Un caso completamente disparatado se observó cuando la jueza rosarina María Dolores Aguirre Guarrochena, previo a emitir su fallo en una causa que se iniciara con motivo de un brutal asesinato, escribió dos misivas, una a los familiares de la víctima y la otra al victimario. Este último era un adolescente de 17 años que ingresó al domicilio de Juan Cruz Ibáñez, un joven ingeniero que había sido reconocido por la NASA, y mientras dormía, le asestó salvajemente 26 puñaladas. Luego, el agresor se duchó en el baño de la víctima y se retiró del lugar con varios de sus objetos personales.
En ese contexto, la magistrada de la causa, en una desatinada actitud paternalista, caviló en su carta dirigida al imputado sobre el amor, el arte y hasta le sugirió que se comunicase con la familia de Juan Cruz para pedirle perdón y, de esta forma, poder “reparar” y “sanar” el delito cometido. El desacertado comportamiento de la jueza culminó con el envío al homicida de un “abrazo cordial”, en un claro gesto de desinterés por parte de la profesional de los códigos éticos y de imparcialidad que exigen su investidura. Si bien el acusado recibió una condena por el ilícito cometido, lo cierto es que se apeló a fórmulas de la justicia restaurativa, quizás con el espurio e indirecto deseo de la magistrada de intentar “contentar” a la familia de Juan Cruz frente a la irrisoria pena impuesta.
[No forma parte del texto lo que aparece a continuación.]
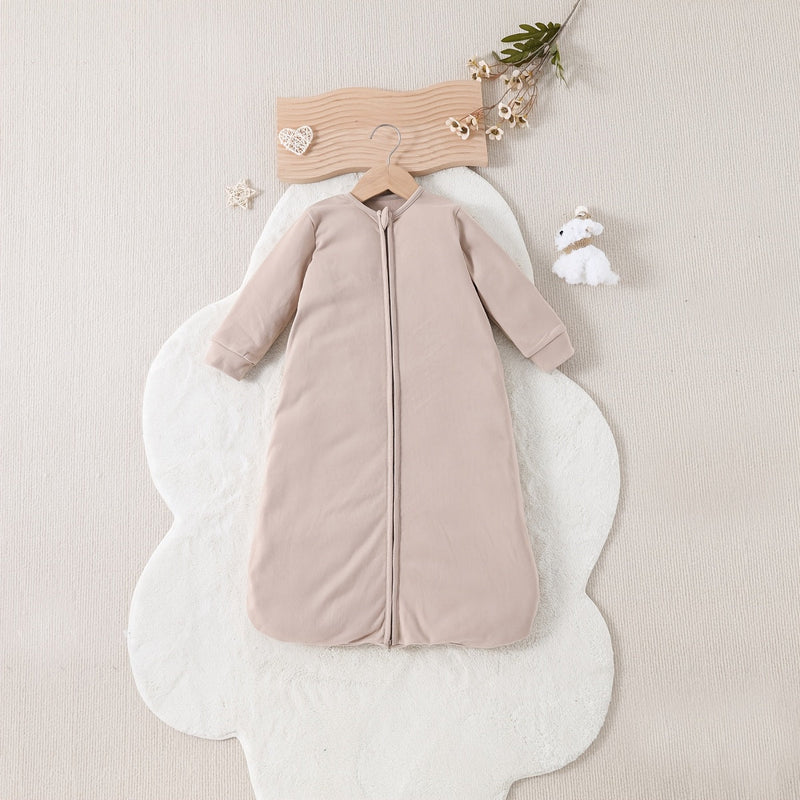 Śpiwór na każdą porę roku dla niemowląt z rękawami – Wygodny i bezpieczny sen dla maluchów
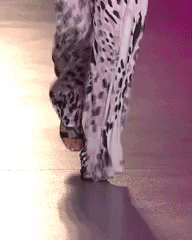 lolacasademunt  GIF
Promover directa o indirectamente la aplicación de la justicia restaurativa en hechos delictivos graves, como es el caso de los delitos contra la vida, constituye una oda a la impunidad.
Ante este desolador panorama que ofrece en muchas ocasiones la justicia penal argentina para las víctimas y para la sociedad entera, Usina de Justicia lucha para que jóvenes como Juan Cruz, cuya vida fue arrebatada de la manera más sanguinaria e implacable que pueda existir, obtengan justicia. Una justicia bien entendida, alejada de viles artimañas como la que encarna la justicia restaurativa cuando no corresponde aplicarla y en la que sean respetados los derechos humanos de las víctimas.
* La autora es especialista en Derecho Penal. Miembro de Usina de Justicia.